Completely inappropriate, childish, and potentially humiliating/degrading to the waiter. If a spouse of mine attempted this, I would shut that down in no uncertain terms.


----------



## Yeswecan (Jul 25, 2014)

Married but Happy said:


> Very tacky, and perhaps _slightly_ amusing. Of course, if a man did this with a female waiter and was observed, it would be called sexual harassment. So, I'd put this in the inappropriate category.


Would you believe the W would be embarrassed and or upset(both) if her H did the same motion to a waitress?


----------



## SadSamIAm (Oct 29, 2010)

Kind of funny! I agree it would be not so funny if it was a guy doing the same to a female waitress.

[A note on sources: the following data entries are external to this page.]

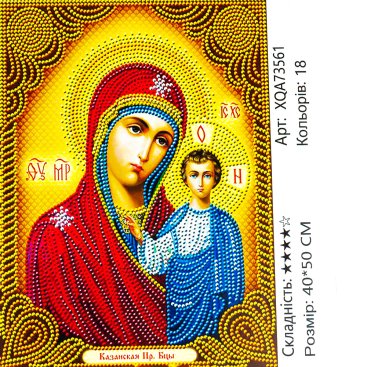 Алмазна мозаїка ікона Казанська Богоматір 40*50 см - Купити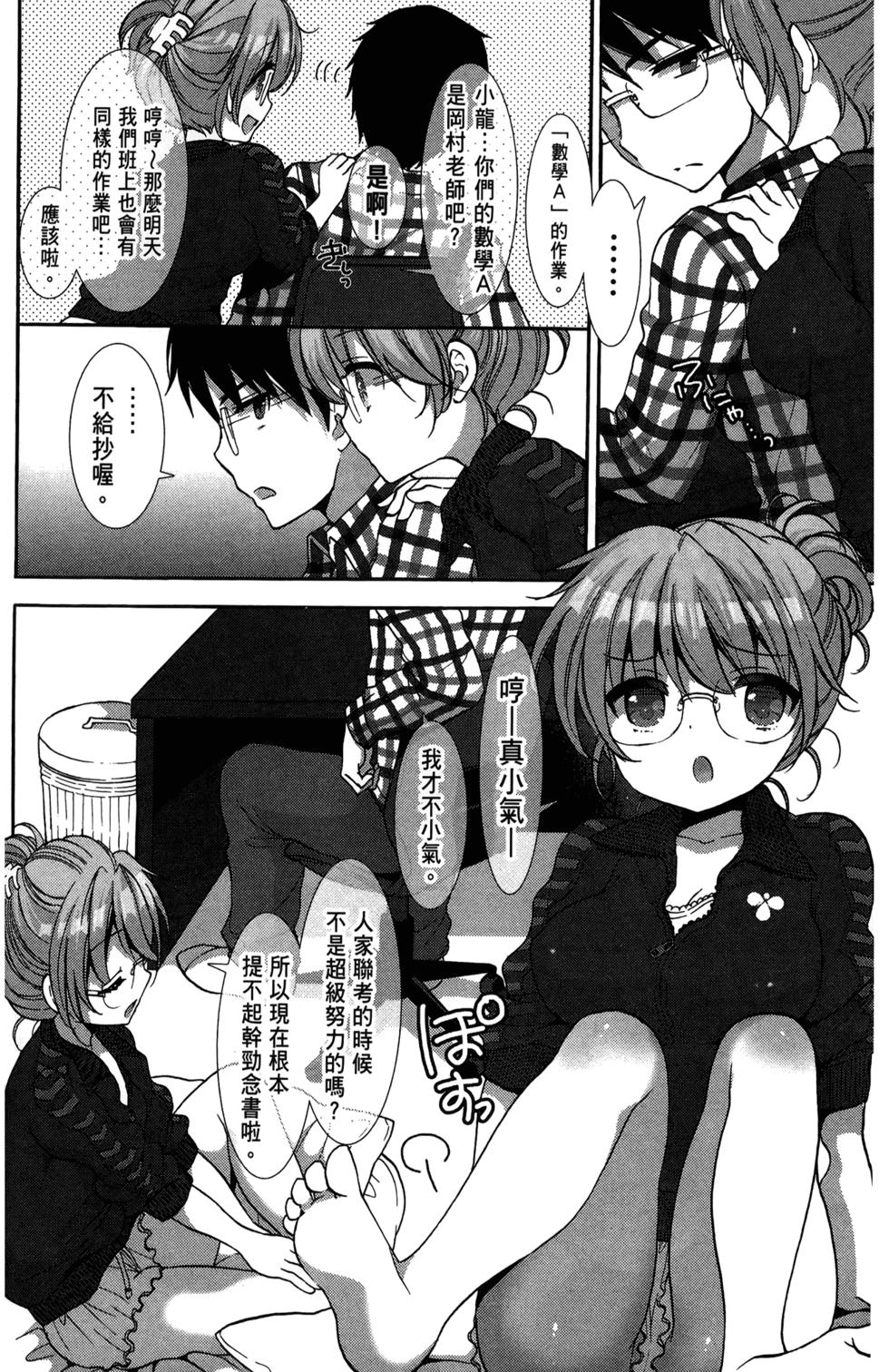 第96页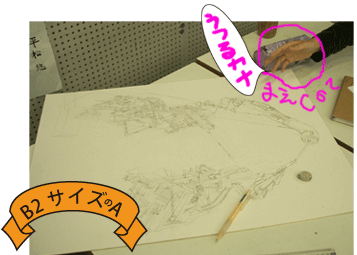 画像ファイル "http://blog.cnobi.jp/v1/blog/user/c7c26b20caea26a38378690a0ba9a6e0/1211696963" は壊れているため、表示できませんでした。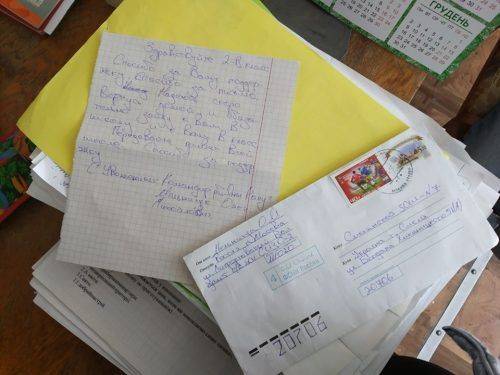 Школярі на Черкащині отримали листа від полоненого моряка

Not worth making a fuss about either way in my opinion.


----------



## Married but Happy (Aug 13, 2013)

Yeswecan said:


> Would you believe the W would be embarrassed and or upset(both) if her H did the same motion to a waitress?


Yes, I'd believe that. I think it's inappropriate for anyone to do - with maybe an exception if a one spouse does it to their partner.


----------



## Yeswecan (Jul 25, 2014)

Married but Happy said:


> Yes, I'd believe that. I think it's inappropriate for anyone to do - with maybe an exception if a one spouse does it to their partner.


Yes, a spouse to a spouse/partner is the exception for me as well.


----------



## Yeswecan (Jul 25, 2014)

SadSamIAm said:


> Kind of funny! I agree it would be not so funny if it was a guy doing the same to a female waitress.
> 
> Not worth making a fuss about either way in my opinion.


It is meant to be funny but some folks take/see things a different way.


----------



## Andy1001 (Jun 29, 2016)

Yeswecan said:


> It is meant to be funny but some folks take/see things a different way.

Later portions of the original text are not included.